The fact that most legacy banking providers had not yet embraced user-friendly online financial services presented a tempting opportunity in the 2010s. If new fintech businesses could outflank their competition on this issue, they could quickly gain market share.
Rather than simply digitising traditional banking processes, many of these fintech firms asked a more valuable question: how should this experience actually work for the user?
Removing friction: Monzo
The most obvious UX improvement came by removing friction from everyday banking. For many users, traditional banking was bogged down in slow processes, limited visibility and awkward customer journeys. Simple tasks like opening an account, tracking spending, setting budgets or understanding where money was going often required too much effort from the user.
Monzo set out to resolve the basic user experience of online banking. Its product experience was built around clarity, speed and immediacy, helping users feel more connected to their money. Instant spending notifications gave people real-time feedback, while spending categories made habits easier to understand. Pots allowed users to separate money for bills, savings or specific goals in a way that felt simple and natural.
The value of these features comes from the fact that they solve real user problems. They make banking feel more responsive, more understandable and more closely aligned with the way people actually manage money in everyday life.

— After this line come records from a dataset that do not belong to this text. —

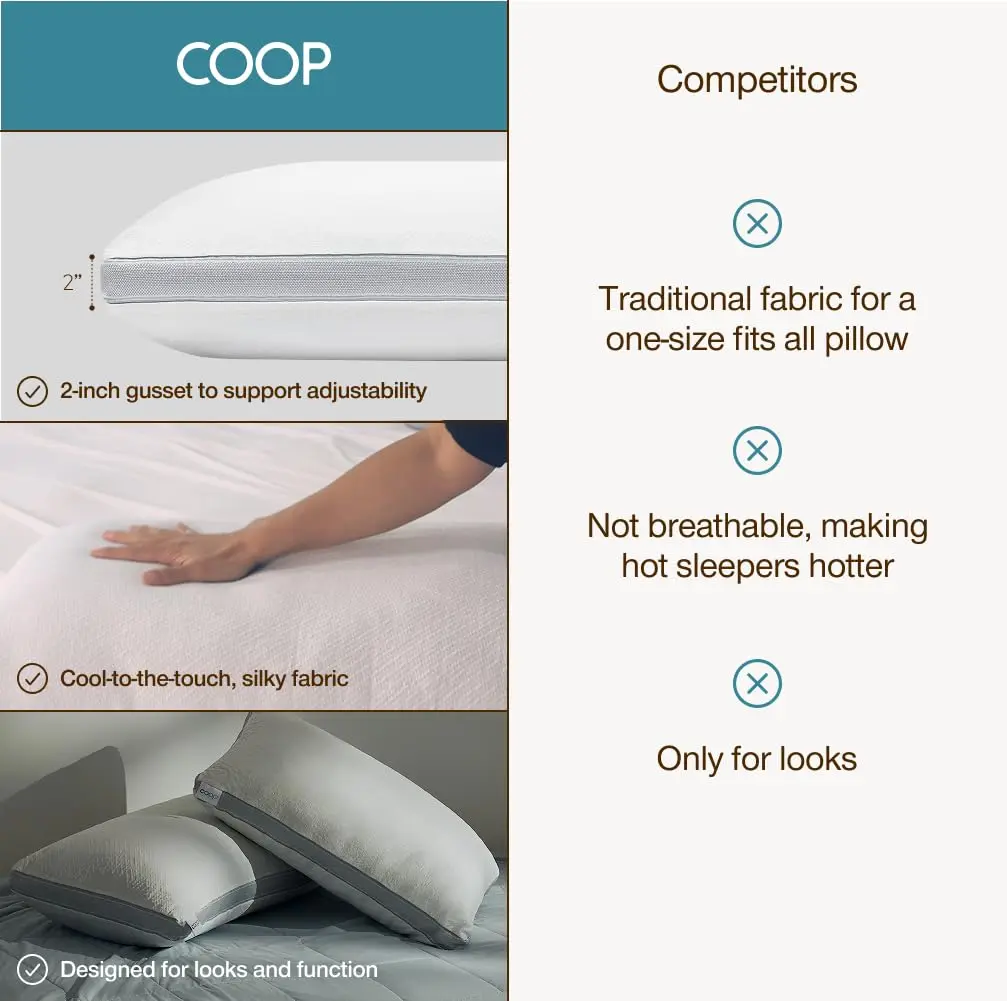 Coop Home Goods Cool+ King Pillow Cover (20x36 inches / 51x91 cm) | Breathable & Cooling for Hot Sleepers - view 7
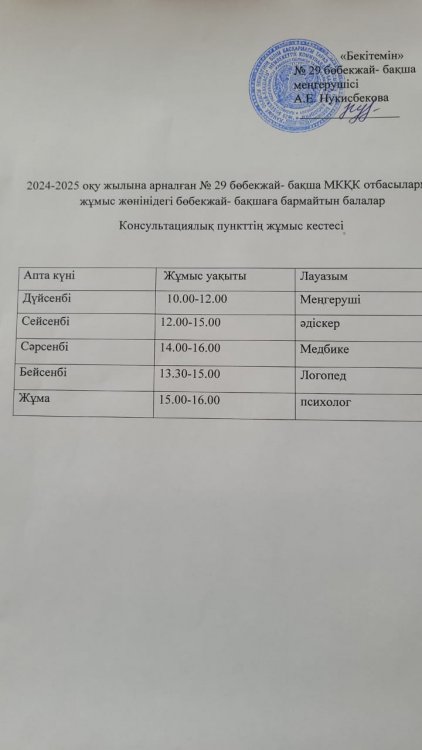 Консультативтіктік пункттің жұмыс кестесі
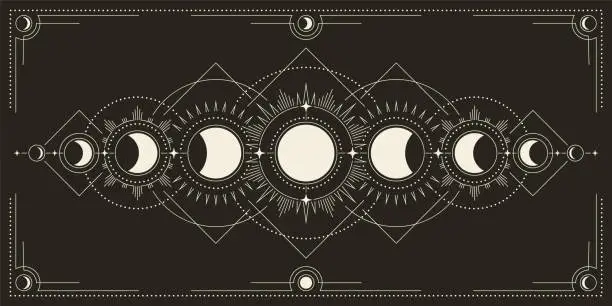 Vector illustration of Mystical astrology poster with moon phases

In Monzo’s case, UX helped turn banking into something people could interact with regularly, rather than something they only checked when they had to.
Revealing valuable information: Wise
In financial services, information is everything. Yet many traditional financial products have historically made important data overly difficult to understand. Fees, exchange rates, transfer times and hidden charges can all create uncertainty for users, particularly when they are moving money across borders.
Wise built much of its early advantage around challenging that experience. Its proposition was not only about moving money internationally, but about making the process feel clearer. Users could see what they were paying, what exchange rate was being used, how much the recipient would receive, and when the money was expected to arrive.
In many cases, especially in financial services, good UX means revealing the right information at the right time, in a format people can actually understand.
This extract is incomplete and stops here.